News Erdoğan closes major private university in İstanbul, leaving students, academics in limbo

Erdoğan closes major private university in İstanbul, leaving students, academics in limbo

Turkey has closed İstanbul Bilgi University, a major private university long known for its liberal academic environment and international programs, by presidential decree, leaving more than 20,000 students and some 1,000 academics uncertain about transfers, exams, graduation procedures and jobs, Turkish Minute reported.

The decision, signed by President Recep Tayyip Erdoğan and published in the Official Gazette on Friday, revoked İstanbul Bilgi University’s operating license. It cited the relevant provision of the Higher Education Law but did not provide further justification.
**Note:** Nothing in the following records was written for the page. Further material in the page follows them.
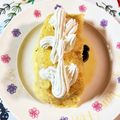 サヤミン料理研究所♡'s cooksnap of when they made ＨＭ使用！レンジで簡単♪バナナケーキ.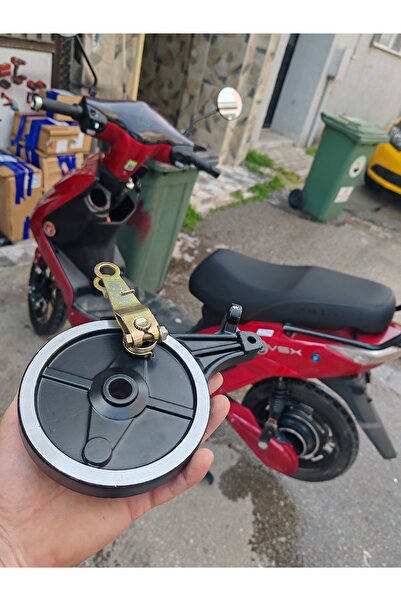 Bix Volta vsx arka balata kampana dahil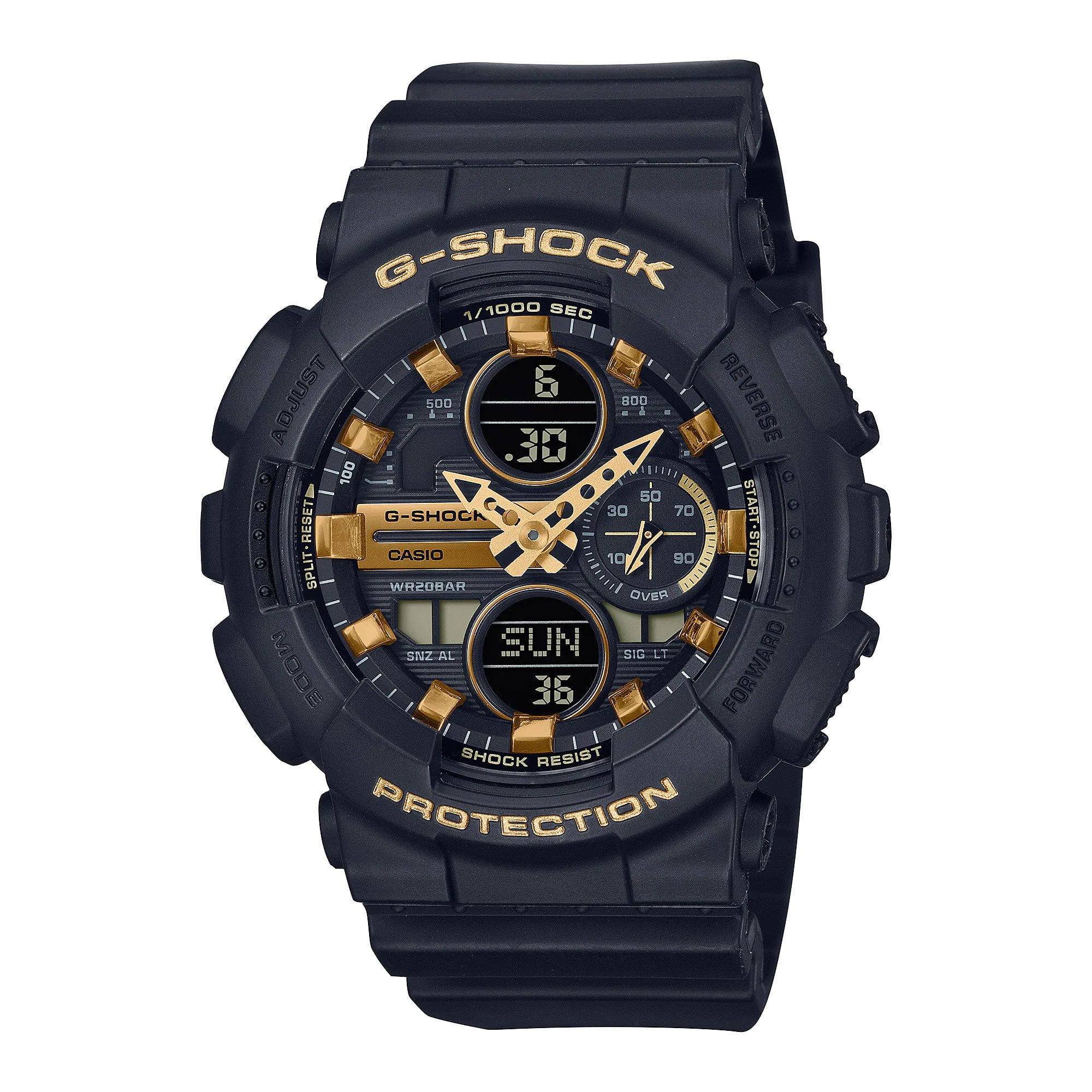 Casio G-Shock GB5600B-2 Bluetooth 4.0 Digital Blue Resin Watch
The closure was effective immediately.

The university was part of Can Holding, whose assets were seized by Turkey’s Savings Deposit Insurance Fund (TMSF) in September 2025 as part of an investigation into allegations including fraud, tax evasion and money laundering. The university had been run by a court-appointed trustee since 2025.

İstanbul Bilgi University was founded in 1996 and had become one of Turkey’s better-known private universities. It took part in the European Union’s Erasmus exchange program and hosted European and other international students.

Bilgi operated through seven faculties, three institutes and more than 150 programs and had around 45,000 graduates.

The closure immediately raised questions about the future of more than 20,000 students and some 1,000 academics at the university.

Under the law, students enrolled at a private university whose operating license is revoked are to be transferred by the Higher Education Board (YÖK) to a guarantor university or to a public university designated by the board.

In a statement on Friday, YÖK promised to take “the necessary measures” to ensure the students at the social sciences university, who were due to sit end-of-year exams in June, “suffer no harm.”

YÖK did not say whether the students would be taken in by other institutions in the coming weeks, nor how they would be able to complete their academic year.

Turkish media reported that Bilgi’s guarantor university is Mimar Sinan Fine Arts University.

The decision caused immediate anxiety among students, particularly those close to graduation.

One final-year psychology student said on social media that the university where she had studied for five years and expected to graduate from in two weeks had been shut down without clear guidance.

“I was looking for a graduation dress. Now I don’t know how I will take my exams, whether I will be able to graduate or where I will graduate from,” the student wrote, adding that students had been unable to reach the university.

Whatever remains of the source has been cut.